Let’s start with the elementary point that the business cycle and the massive flow of economic currents on the free market from 160 million workers, 300 million consumers, tens of millions of businesses large and small and millions more of savers, investors and speculators are what drive the overwhelming share and direction of economic activity. Presidential “policies” and orations, by contrast, have but modest impacts which are in the nature of tweaks on the margin, and which only materialize with a time lag. Even then, there is scant ability to separate these presidential policy impacts from the underlying private sector forces.
Thus, prior to the pandemic Lockdown hammers which slammed the US economy in Q2 2020, Trump’s economic record consisted mainly of riding the business cycle uplift that had been set in motion by the natural forces of economic recovery—forces that reached self-sustaining lift-off during Obama’s second term. In this context, we can look at both the key flows and the key levels relative to economic performance and see that so-called Trump-O-Nomics generated nothing to write home about, and as a practical matter was indistinguishable from the trends of Obama’s second term.
Thus, economic growth as measured by real final sales of domestic product rose at a 2.43% rate during Obama’s second term and did not accelerate under Trump thru Q1 2020, rising at a 2.31% per annum rate. In both cases, the growth rate clocked in well below the prior 58-year average (1954 to 2012) of 3.12% per year.
In short, the “Trump economy” grew at only 75% of the modern historic average under the prior 11 presidents going back to Eisenhower, and that’s letting the Donald off the hook for the economic crash he caused in Q2 2020 by ordering the Covid Lockdowns. By all rights, the true measure of economic growth during his first term through the end of 2020 clocked in at 1.82% per year or just 58% of the modern historic average.

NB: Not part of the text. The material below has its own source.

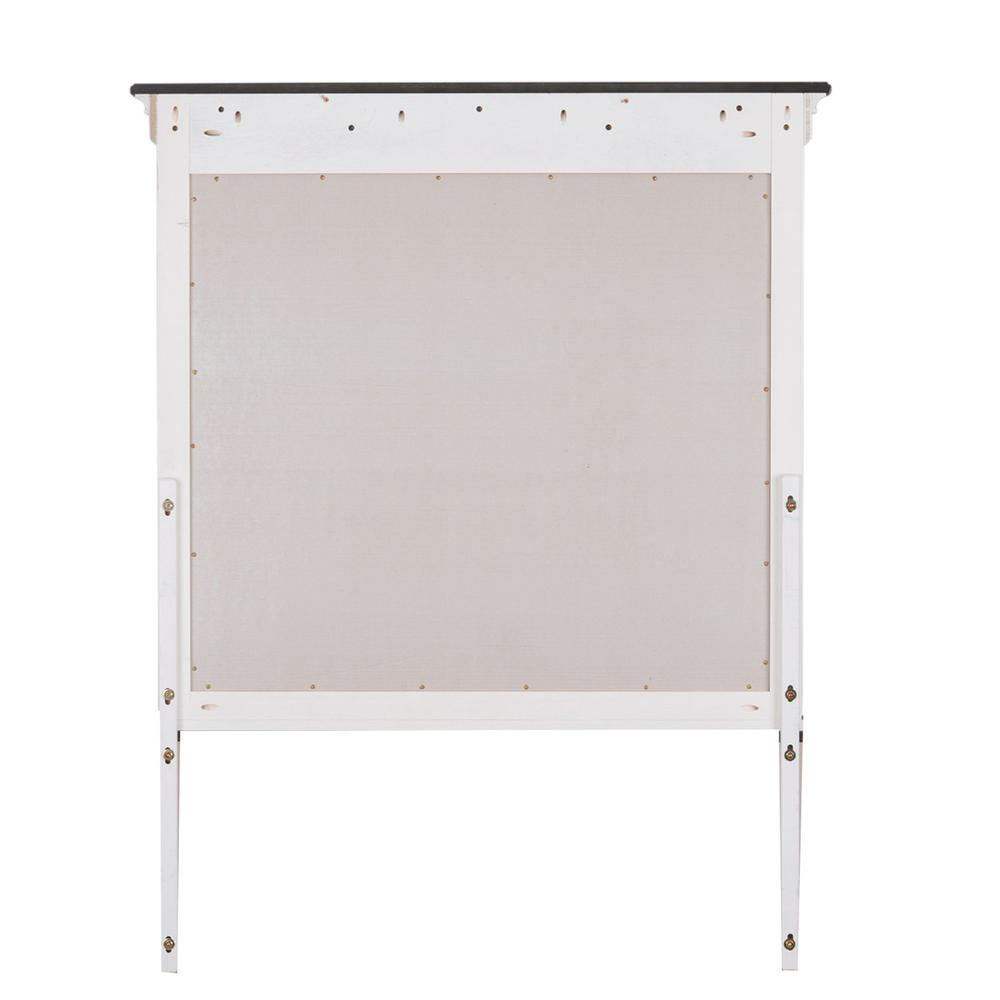 Allyson Park Crown Mirror in Wirebrushed White w/ Charcoal Top. Picture 3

Nor is the real final sales growth number some kind of aberration among relevant performance measures, even as it actually has the virtue of eliminating short-run distortions from inventory swings. For instance, the best measure of the jobs/employment variable is the index of aggregate hours worked in the private sector, which removes any distortions owing to part-time employment in the normal “Jobs Friday” number ballyhooed on bubble-vision; and also it doesn’t count unproductive government jobs.
During Obama’s second term the employment hours index rose at a 1.78% per annum rate, which was slightly better than the 1.65% per year rate posted through February 2020 on the Donald’s watch. Again, neither figure was anything to write home about, given that the average between 1964 and the year 2000 had come in a 2.0% per year.